We had school activities to keep us with friends and after-school activities. Dad made most of our toys: old hoses made into hula-hoops before the commercial ones hit the market; a variation of horseshoes made using large washers and tin cans buried to their tops to serve as the “targets”; and bows and arrows made from string and limbs cut from the trees and chicken feathers from our chickens.
Outdoor activities included helping with household chores, and gardening was a family affair where stories were told, competitions for best looking rows or quickest task completion were commonplace, and numerous games. Games were like tag, hide-and-seek, races, kick-the-can, marbles (played with ball bearings from dad’s tool shed), red rover using a rubber ball thrown over the roof of the house, and “who can do the most…” (cartwheels, high jumps, summersaults, push-ups, sit-ups, etc. – literally anything we could come up with).

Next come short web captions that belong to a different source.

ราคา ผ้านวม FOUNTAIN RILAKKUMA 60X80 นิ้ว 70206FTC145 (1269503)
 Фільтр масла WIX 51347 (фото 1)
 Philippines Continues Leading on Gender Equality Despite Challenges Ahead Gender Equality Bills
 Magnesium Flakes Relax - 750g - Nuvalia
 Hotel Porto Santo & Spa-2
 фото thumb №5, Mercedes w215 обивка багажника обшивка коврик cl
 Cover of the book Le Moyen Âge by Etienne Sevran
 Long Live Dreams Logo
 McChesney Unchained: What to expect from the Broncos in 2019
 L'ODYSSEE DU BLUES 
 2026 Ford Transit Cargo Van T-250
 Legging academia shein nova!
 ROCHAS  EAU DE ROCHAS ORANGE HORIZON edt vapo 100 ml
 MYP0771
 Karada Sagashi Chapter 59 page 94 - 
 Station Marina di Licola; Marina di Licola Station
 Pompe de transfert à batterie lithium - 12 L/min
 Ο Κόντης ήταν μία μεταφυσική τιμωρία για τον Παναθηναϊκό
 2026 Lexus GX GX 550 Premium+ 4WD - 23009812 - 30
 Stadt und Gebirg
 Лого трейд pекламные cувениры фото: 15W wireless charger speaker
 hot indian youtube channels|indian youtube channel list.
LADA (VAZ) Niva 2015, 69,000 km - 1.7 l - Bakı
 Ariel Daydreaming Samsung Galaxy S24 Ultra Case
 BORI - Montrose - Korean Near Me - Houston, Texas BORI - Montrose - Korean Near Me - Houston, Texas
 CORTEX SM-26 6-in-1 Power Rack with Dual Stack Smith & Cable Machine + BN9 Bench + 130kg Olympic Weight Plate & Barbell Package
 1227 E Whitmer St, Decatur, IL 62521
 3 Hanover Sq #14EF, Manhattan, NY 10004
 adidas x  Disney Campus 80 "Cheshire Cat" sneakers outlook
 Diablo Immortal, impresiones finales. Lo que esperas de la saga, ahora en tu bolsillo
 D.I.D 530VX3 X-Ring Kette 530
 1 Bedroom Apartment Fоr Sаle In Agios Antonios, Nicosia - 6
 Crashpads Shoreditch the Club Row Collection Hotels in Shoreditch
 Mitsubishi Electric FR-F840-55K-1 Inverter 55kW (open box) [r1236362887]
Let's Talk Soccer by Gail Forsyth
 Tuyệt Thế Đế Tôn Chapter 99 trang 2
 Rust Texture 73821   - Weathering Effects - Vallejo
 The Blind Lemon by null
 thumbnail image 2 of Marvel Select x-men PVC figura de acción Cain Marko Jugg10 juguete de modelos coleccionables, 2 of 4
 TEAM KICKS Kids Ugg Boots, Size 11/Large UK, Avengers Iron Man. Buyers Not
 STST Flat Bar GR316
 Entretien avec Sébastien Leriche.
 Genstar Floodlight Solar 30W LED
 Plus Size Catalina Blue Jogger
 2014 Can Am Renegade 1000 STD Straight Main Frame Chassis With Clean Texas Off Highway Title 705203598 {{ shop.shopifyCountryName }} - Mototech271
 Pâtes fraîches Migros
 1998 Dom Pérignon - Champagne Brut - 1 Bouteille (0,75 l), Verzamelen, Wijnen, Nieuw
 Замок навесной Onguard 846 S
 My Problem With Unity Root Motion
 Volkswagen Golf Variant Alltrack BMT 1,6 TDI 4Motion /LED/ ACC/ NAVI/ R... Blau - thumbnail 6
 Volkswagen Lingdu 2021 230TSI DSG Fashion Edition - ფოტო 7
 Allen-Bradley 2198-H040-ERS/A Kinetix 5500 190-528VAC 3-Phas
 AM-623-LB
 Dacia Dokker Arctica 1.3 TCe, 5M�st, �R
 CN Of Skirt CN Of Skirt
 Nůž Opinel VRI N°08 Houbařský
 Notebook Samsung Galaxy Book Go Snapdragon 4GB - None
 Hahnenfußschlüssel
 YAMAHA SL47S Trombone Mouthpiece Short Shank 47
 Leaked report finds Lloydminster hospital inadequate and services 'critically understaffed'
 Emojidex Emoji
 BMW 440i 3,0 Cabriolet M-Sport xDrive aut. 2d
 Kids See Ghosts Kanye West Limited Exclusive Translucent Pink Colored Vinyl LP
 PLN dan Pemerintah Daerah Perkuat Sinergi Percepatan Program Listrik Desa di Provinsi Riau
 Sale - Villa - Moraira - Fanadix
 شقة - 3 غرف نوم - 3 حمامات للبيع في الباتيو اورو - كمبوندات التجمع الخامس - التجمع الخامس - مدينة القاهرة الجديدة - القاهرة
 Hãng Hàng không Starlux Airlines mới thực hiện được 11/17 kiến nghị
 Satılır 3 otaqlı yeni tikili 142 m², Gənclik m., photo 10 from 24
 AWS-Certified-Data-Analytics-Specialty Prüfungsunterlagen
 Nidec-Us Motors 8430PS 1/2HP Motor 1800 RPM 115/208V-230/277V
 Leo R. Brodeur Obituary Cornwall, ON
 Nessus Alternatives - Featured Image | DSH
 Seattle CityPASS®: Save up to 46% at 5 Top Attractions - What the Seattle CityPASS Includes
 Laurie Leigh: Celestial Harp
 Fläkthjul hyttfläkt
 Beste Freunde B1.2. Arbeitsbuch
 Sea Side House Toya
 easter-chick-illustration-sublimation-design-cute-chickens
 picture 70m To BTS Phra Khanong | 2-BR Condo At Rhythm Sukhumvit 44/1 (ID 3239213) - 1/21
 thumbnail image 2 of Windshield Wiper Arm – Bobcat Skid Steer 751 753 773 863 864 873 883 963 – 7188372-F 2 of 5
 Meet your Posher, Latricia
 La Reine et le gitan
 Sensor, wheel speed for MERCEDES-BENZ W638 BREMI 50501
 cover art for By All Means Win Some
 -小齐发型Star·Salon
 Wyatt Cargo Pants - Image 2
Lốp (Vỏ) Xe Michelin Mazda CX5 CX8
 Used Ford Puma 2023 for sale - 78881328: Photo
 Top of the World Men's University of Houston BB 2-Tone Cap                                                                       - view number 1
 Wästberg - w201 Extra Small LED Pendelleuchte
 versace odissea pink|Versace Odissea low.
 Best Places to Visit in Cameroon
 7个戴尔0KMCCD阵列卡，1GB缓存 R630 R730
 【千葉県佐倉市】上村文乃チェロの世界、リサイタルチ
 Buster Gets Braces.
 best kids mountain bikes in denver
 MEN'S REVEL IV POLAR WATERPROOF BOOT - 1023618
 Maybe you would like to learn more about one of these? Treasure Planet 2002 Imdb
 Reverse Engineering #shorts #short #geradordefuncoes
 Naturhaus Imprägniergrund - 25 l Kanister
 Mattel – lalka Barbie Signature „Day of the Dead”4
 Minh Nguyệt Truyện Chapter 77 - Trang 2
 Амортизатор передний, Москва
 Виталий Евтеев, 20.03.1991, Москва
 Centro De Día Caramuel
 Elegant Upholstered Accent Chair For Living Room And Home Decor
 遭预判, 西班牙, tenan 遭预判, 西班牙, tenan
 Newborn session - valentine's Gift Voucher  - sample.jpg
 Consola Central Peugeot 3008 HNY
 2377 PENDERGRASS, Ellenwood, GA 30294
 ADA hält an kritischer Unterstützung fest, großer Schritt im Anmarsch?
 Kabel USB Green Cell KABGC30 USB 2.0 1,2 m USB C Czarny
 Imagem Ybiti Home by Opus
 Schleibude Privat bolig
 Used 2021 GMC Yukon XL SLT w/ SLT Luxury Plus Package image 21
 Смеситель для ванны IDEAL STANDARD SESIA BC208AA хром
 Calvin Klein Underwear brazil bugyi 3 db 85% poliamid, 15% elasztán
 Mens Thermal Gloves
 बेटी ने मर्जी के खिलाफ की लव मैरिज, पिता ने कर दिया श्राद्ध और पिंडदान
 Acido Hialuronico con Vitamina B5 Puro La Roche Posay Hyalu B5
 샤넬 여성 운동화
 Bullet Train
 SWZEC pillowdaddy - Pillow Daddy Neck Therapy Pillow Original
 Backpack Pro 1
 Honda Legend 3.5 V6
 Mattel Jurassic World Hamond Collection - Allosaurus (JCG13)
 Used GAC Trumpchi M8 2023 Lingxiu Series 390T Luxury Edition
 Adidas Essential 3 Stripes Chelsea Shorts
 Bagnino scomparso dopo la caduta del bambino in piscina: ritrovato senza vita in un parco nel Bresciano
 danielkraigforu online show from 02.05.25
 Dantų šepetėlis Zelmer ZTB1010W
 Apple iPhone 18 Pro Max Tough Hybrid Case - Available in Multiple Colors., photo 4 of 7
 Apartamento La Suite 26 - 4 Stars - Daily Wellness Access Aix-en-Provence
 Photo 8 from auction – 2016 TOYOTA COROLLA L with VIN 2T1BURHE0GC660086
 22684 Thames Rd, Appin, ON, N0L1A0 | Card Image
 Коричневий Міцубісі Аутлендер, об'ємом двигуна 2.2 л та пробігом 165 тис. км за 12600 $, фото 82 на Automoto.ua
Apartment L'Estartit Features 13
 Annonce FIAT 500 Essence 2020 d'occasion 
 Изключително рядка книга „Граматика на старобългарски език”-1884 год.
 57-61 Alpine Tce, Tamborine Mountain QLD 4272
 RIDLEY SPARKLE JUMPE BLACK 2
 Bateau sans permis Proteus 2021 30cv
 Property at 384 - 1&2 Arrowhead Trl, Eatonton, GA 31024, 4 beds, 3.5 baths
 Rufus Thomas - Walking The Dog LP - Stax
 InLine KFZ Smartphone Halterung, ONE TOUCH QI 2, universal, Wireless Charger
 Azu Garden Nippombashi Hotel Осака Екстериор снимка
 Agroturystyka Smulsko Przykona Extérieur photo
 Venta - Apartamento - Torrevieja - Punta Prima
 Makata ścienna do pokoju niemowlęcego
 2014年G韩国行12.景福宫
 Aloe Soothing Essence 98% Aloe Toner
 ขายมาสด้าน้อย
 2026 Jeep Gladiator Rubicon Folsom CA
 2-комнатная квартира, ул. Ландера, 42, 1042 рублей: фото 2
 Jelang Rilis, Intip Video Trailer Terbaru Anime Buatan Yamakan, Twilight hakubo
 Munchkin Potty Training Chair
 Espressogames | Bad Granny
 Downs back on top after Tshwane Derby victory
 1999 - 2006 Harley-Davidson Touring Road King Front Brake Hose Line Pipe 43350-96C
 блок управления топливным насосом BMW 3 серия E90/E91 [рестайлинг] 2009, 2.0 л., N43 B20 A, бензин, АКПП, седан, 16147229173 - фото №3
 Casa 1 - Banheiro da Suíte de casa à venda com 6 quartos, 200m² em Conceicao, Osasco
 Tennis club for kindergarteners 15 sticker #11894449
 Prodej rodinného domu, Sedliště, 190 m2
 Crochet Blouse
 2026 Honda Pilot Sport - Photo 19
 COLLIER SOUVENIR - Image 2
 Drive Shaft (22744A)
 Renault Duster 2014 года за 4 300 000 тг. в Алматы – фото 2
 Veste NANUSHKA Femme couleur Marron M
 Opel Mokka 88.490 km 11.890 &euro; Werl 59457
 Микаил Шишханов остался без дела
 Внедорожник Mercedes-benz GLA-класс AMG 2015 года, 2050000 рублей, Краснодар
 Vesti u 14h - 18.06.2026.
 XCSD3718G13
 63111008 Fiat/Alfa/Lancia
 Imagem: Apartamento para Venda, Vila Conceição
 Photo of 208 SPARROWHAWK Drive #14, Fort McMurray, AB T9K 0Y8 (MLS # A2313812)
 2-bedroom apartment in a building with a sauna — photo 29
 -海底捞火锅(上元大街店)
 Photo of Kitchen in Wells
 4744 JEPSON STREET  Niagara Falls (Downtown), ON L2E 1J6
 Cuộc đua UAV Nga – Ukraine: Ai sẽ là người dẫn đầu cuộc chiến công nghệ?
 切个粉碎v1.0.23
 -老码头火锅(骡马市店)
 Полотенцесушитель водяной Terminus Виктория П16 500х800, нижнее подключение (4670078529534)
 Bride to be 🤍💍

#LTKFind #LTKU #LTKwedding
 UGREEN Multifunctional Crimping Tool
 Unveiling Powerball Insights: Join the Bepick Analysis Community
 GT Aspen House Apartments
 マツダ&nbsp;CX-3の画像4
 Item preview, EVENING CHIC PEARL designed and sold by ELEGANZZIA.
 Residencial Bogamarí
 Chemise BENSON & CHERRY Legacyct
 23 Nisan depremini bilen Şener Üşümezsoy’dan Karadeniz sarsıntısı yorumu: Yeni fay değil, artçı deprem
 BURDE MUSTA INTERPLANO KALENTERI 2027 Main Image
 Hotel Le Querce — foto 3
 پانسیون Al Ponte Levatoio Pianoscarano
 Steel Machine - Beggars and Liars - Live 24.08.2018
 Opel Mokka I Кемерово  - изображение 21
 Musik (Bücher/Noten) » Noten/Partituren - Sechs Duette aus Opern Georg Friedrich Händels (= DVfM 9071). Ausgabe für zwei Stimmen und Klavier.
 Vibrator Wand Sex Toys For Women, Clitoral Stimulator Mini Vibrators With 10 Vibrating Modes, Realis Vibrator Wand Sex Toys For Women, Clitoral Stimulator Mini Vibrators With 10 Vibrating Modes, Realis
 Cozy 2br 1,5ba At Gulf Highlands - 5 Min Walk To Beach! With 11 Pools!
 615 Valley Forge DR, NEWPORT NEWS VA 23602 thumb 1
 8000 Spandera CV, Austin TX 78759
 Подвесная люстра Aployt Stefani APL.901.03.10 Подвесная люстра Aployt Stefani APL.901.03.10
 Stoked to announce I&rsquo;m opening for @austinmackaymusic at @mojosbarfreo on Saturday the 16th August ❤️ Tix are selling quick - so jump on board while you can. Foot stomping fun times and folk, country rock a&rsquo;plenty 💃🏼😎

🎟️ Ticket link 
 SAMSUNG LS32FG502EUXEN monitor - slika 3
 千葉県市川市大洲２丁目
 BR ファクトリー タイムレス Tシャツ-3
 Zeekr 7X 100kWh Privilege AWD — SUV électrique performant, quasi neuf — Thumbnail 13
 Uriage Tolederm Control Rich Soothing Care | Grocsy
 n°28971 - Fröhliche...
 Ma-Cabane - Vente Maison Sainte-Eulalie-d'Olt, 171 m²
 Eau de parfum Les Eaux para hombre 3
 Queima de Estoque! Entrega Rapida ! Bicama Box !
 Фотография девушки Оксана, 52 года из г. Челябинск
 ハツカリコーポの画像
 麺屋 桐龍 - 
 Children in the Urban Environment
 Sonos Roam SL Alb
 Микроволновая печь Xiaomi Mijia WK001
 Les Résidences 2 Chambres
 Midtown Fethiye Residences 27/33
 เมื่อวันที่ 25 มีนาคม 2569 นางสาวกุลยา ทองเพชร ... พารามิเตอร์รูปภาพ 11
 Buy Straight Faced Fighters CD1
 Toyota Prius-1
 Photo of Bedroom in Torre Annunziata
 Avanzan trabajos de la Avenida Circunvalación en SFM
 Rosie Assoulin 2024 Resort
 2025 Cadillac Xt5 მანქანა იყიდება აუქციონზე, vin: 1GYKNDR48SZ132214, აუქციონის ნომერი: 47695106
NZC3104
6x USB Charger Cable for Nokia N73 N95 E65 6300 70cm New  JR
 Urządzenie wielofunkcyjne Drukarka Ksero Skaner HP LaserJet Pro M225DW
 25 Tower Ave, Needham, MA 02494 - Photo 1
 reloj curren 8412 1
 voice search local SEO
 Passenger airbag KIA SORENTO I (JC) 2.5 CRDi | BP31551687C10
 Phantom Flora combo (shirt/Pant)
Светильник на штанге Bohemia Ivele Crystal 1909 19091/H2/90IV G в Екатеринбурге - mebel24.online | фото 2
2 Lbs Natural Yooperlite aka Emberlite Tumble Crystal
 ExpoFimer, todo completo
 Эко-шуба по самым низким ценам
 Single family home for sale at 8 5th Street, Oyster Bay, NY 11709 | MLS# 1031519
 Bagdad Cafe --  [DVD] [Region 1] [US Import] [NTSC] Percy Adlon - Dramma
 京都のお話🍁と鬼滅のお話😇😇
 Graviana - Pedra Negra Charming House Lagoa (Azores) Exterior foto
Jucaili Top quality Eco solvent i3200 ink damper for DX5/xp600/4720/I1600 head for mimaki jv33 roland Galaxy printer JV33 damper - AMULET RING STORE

My childhood predated television. So, evening entertainment included a few radio shows, family singing around the kitchen table while dad played the harmonica, and a myriad of family card and dice games. Homework was a requisite and learning to “spin a yarn” was a necessary learning skill.
We never thought of ourselves as “poor”. Life was rich. We experienced love firsthand. Truth was mandatory and dad’s belt was the consequence of not learning to abide by it. And gratitude can naturally. We never demanded more than we had; we had everything important to making a great life. A close-knit family, regular visits to the homes of grandparents and cousins, church services with singing and Bible stories, and friendly neighbors eager to share the things they had made life abundant.
Gratitude is a learned experience. We didn’t even consider trying to “keep up with the Jones’s”. Instead, I can remember countless instances to hearing my parents say “aren’t we blessed to have …”, or “God is so good, we have everything we need”, or we have so much, let’s give some to ____, they’re having a tough time right now.” And we knew that our lack would be provided when OUR times of “need” came. We didn’t need to worry.
Gratitude was also a practice. We never failed to offer a “thank you” when anything needed or new came our way. Thing about how good it feels when someone offers you a thanks for a gift or a deed rendered. I recently read the titles of some Bible apps that I plan to do regarding gratitude. Things like: Gratitude, the key to contentment; Gratitude, being thankful changes everything; and Cultivating Gratitude.
Here’s a good practice for you to get started. Pay attention to the things going on around you this week and make it a point to express your gratitude with a heart-felt “thank you” at least a half dozen time each day. It will change your life. I promise!